La diferencia entre los personajes de la parábola evangélica radica precisamente en la humildad, el que dice sí, pero no actúa como debe, le falta esta virtud, se considera a sí mismo bueno, sin necesidad de arrepentimiento y conversión, el otro, el que dice no, tiene la capacidad de reconocer humildemente su error y cambiar su forma de actuar. Ninguno de los dos es perfecto, pero uno de ellos, con humildad, lo reconoce y eso le permite mejorar, eso es lo que llamamos conversión.
Es precisamente el llamado de Pablo en la segunda lectura: «sean humildes, cada uno considere a los demás como superiores a sí mismo». Esa debe ser la actitud del cristiano, porque es la actitud de Cristo, que se humilló a sí mismo, pasando por uno de tantos, por eso Dios lo levantó sobre todo y le concedió el nombre sobre todo nombre.
Cada persona humana tiene una búsqueda constante de realización y felicidad, muchas veces la buscamos en lugares y acciones equivocadas, dejamos que sea la soberbia quien dirija nuestras vidas y acciones, pero hoy la palabra nos enseña y nos recuerda que la verdadera felicidad la encontramos en reconocernos tal como somos, reconocernos necesitados de Dios, con humildad reconocer nuestros errores y responder al llamado que Él, como Padre amoroso nos hace, para vivir con Él y actuar como Él, el humilde por excelencia.

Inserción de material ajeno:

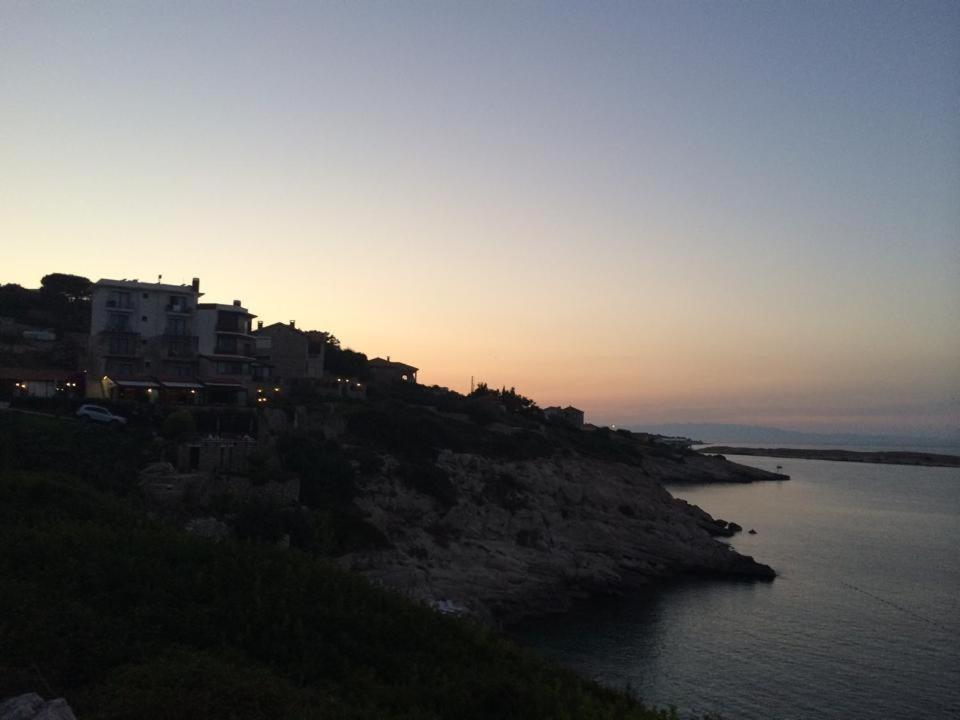 קרבורון Nergis Hotel מראה חיצוני תמונה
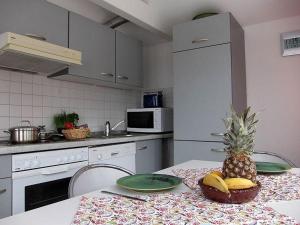 a kitchen with a pineapple and plates on a table at Uns Gartenhus in Klein Zicker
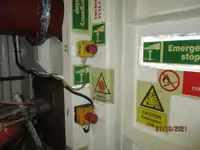 Jääkaivaaluksen tyyppinen alus myynnissä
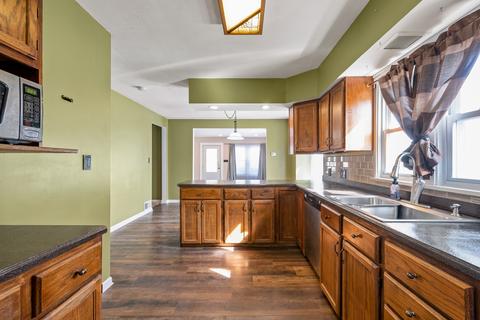 605 Forest Ave, Aurora, IL 60505 photo 7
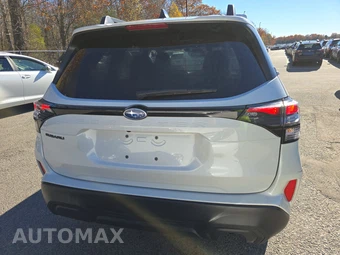 2025 Subaru Forester Premium - miniatura 5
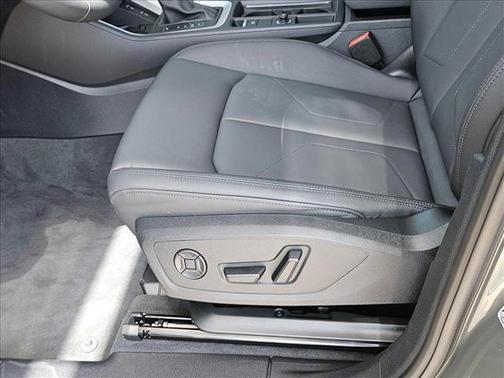 2025 Audi Q3 45 S line Premium Plus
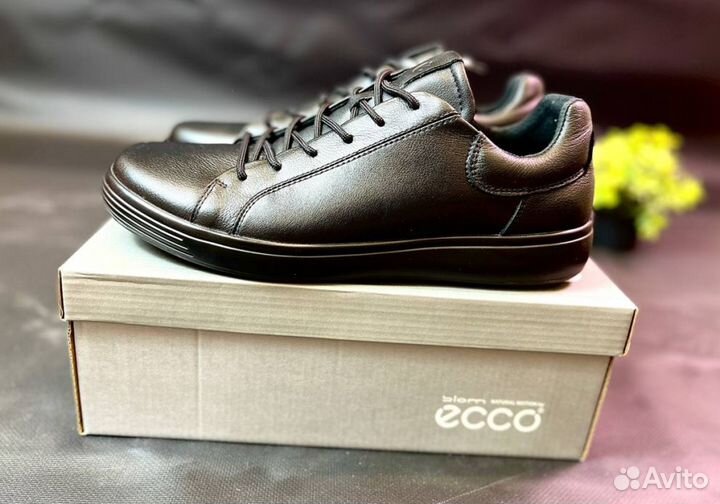 Кроссовки Ecco легкие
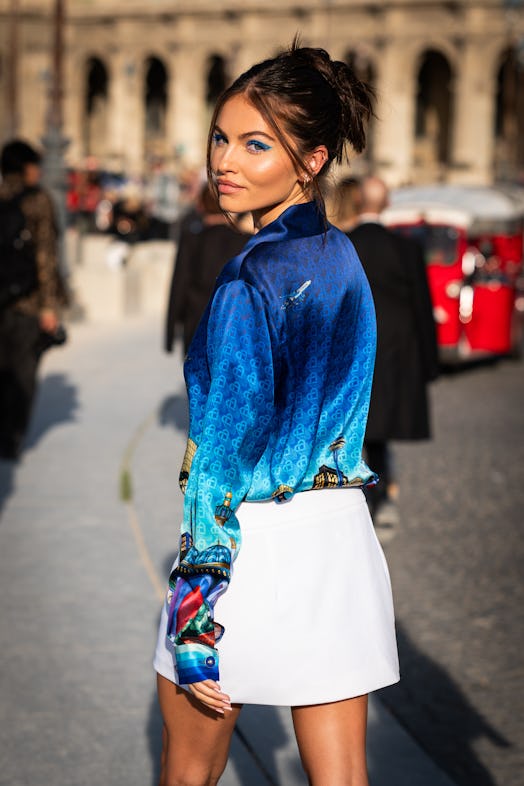 Electric eyeshadow is a Paris Fashion Week Spring/Summer 2024 street style beauty trend
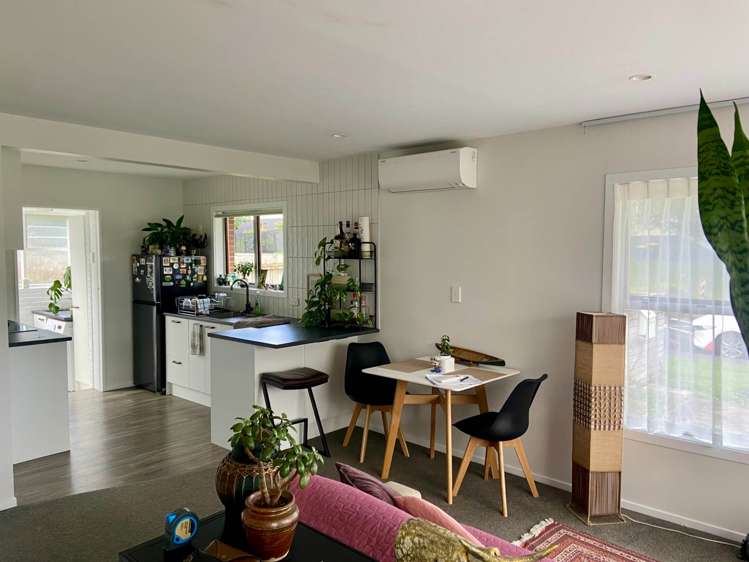 1/80 Moore Street Hillcrest_5
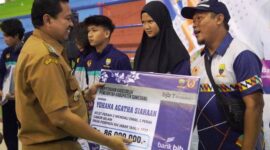 Bupati Sumedang Dony Ahmad Munir menyerahkan Kadeudeuh kepada para atlit yang telah meraih prestasi di ajang Porprov Jabar 2022.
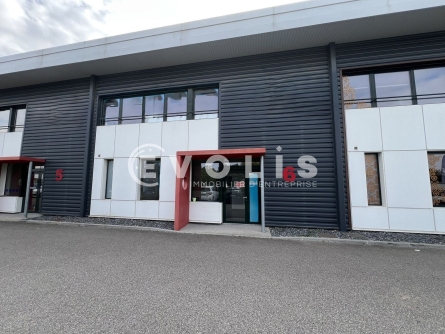 Photo 1 – location Entrepôts / activités	SAINT QUENTIN FALLAVIER (38070)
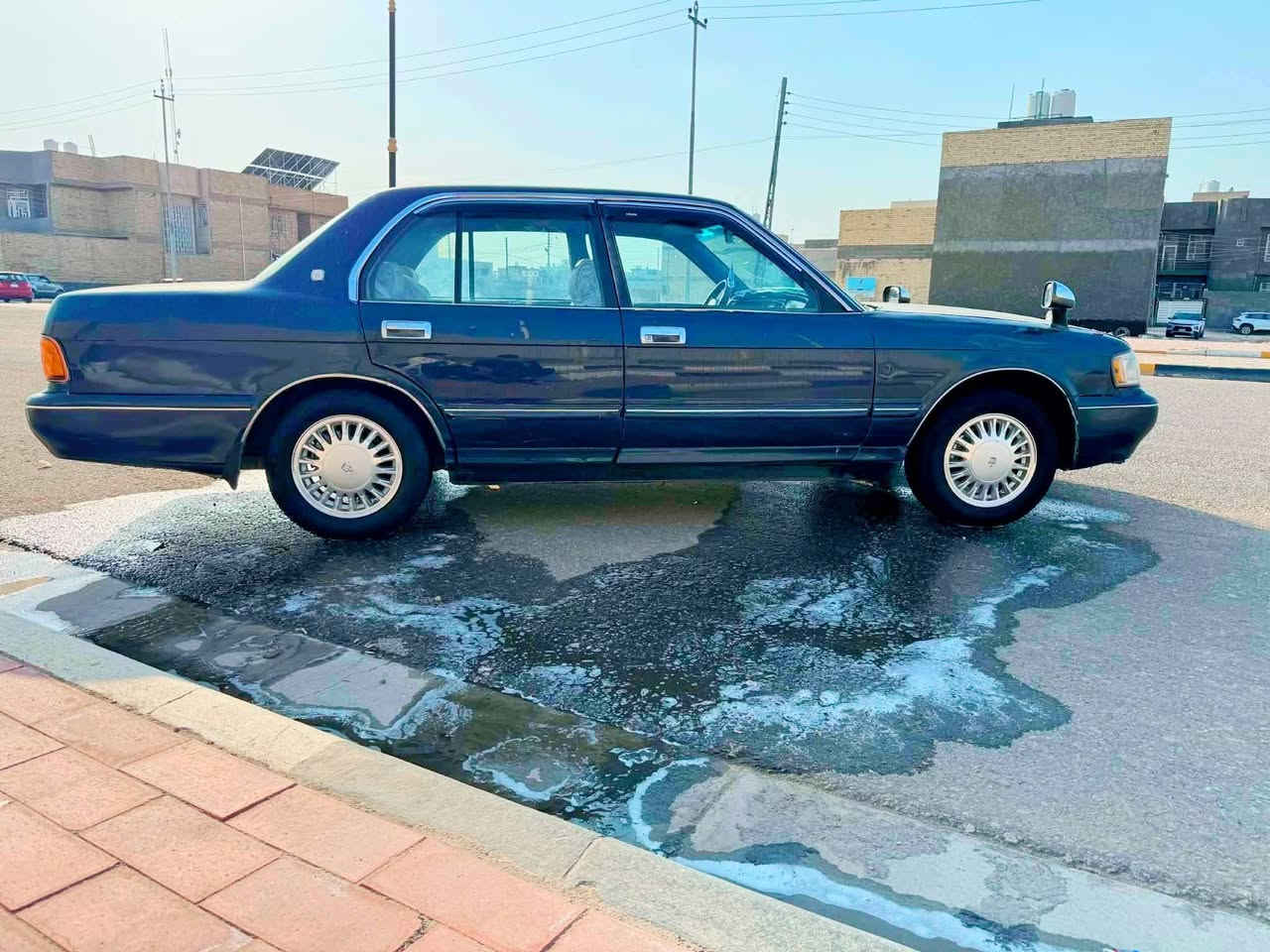 السلام عليكم سياره ارنب للبيع مكفوله من الكص والنقل الجثه والعيب الشرعي الموديل 94 السعر 65.                        ***********
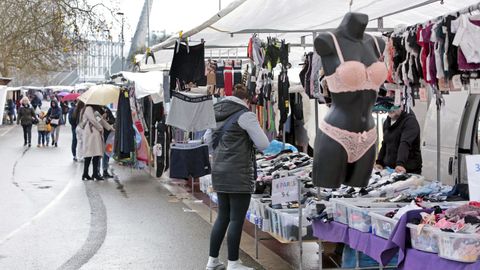 El de este sábado pudo haber sido uno de los últimos mercadillos de Pontevedra en la calle Ingeniero Rafael Areses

Llevamos conviviendo casi siete meses con un virus que nos ha recordado precisamente nuestra vulnerabilidad, nos ha afectado la salud, la economía y en general toda nuestra vida. Esta pandemia debe hacernos a todos, volver la mirada a Dios, reconocernos necesitados de Él, de su fuerza y de su consuelo. Debe hacernos humildes y capaces de pedir a Dios que nos ayude en los esfuerzos que todos hacemos para enfrentar esta emergencia y debe llevarnos a erradicar toda tentación de soberbia que nos haga creer que podremos salir de esto solos.
Pidámosle al Señor, que junto a la instrucción de su Palabra y la fuerza de su cuerpo y su sangre, nos regale a todos la virtud de la humildad, para reconocernos necesitados de su perdón, de su paciencia y de su amor misericordioso de Padre.